- _Source material_:
▬▬▬▬▬▬▬▬▬▬
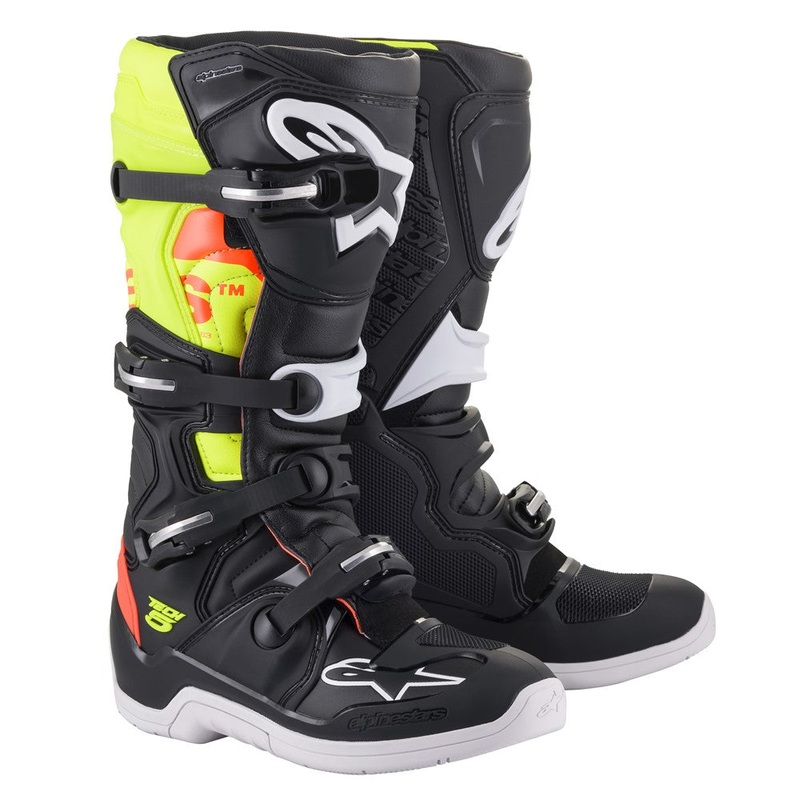 Tech-5 MX Boots Black/Red 8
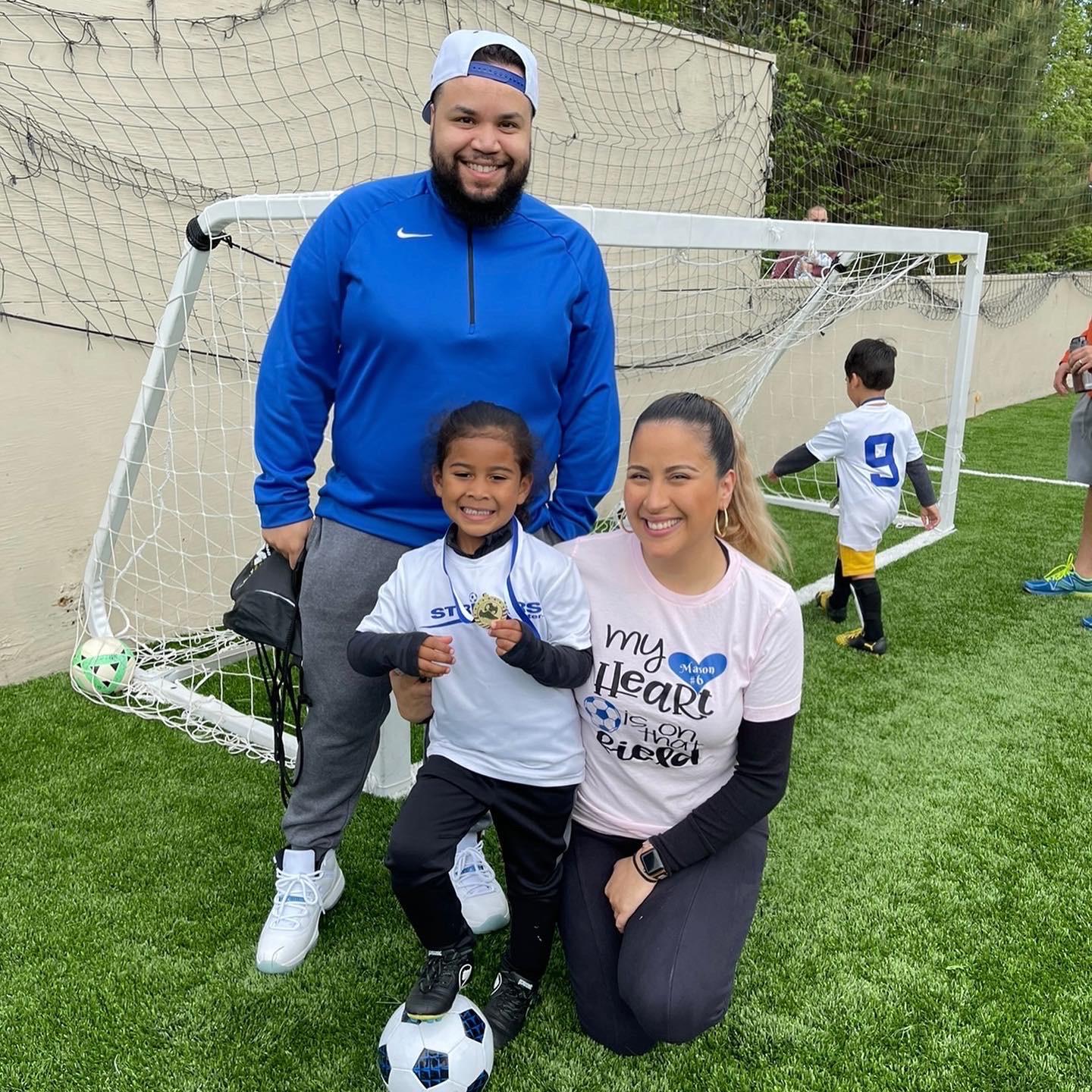Mason's First Soccer Team. Mason's Final Soccer Team.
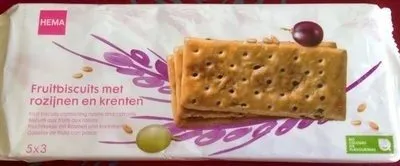 Biscuits aux Fruits Secs aux Raisins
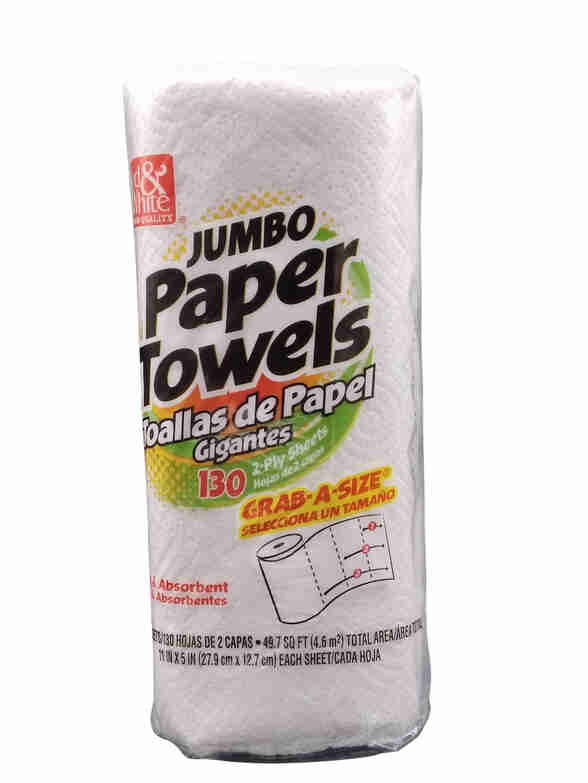 RED & WHITE PAPER TOWEL  12CT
▬▬▬▬▬▬▬▬▬▬
- _What is required_:
Could the listing above be transcribed exactly, with the pictures left out?

- _Exercise response_:
 Tech-5 MX Boots Black/Red 8
Mason's First Soccer Team. Mason's Final Soccer Team.
 Biscuits aux Fruits Secs aux Raisins
 RED & WHITE PAPER TOWEL  12CT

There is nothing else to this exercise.